Q1 2026 Market Commentary

Inflation in a Rapidly Changing World

Even beyond the current headline spike in oil prices and the current cost of living, we are looking further ahead toward 2027–2028. The relevant question for investors is no longer whether inflation persists, but how it manifests. Inflation, in our view, is not going away - it is shifting in character.

 The next inflation regime, if it takes hold, is unlikely to resemble the post-COVID surge driven by supply chain breakdowns and stimulus-fueled demand. Instead, inflation may increasingly reflect relative price shifts:

  • Upward pressure from a world in which nations, corporations, and households are intentionally paying more for security, resilience, and control. 
  • Offset by downward pressure, or at least cost compression, in technology and certain services.

 This distinction matters.
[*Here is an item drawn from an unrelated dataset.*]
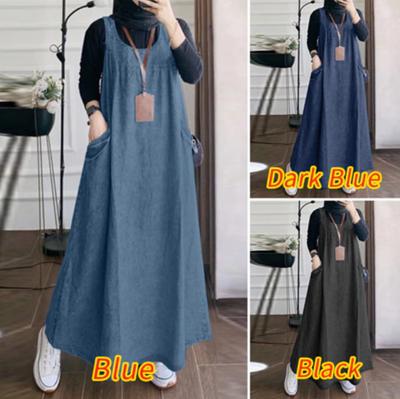 Fashion Women Sleeveless Casual Loose Sundress Sarafans Abaya Vestido Denim Blue Muslim Overalls Dress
Inflation driven by strategic choice behaves very differently than inflation driven by temporary dislocation and understanding that difference is critical for portfolio positioning.

From Efficiency to Resilience: A Structural Reset

For decades, the global economy was optimized for efficiency. Supply chains were long and cost-minimized. Energy sourcing prioritized the lowest marginal barrel. Food systems emphasized scale and yield. Data flowed freely across borders. That era is ending.

 Recent geopolitical instability, including renewed tensions in the Middle East, underscores a broader and longer-running shift: globalization is being reengineered rather than reversed. Governments are now prioritizing energy security, supply chain independence, food reliability, data sovereignty, and national defense as explicit economic objectives.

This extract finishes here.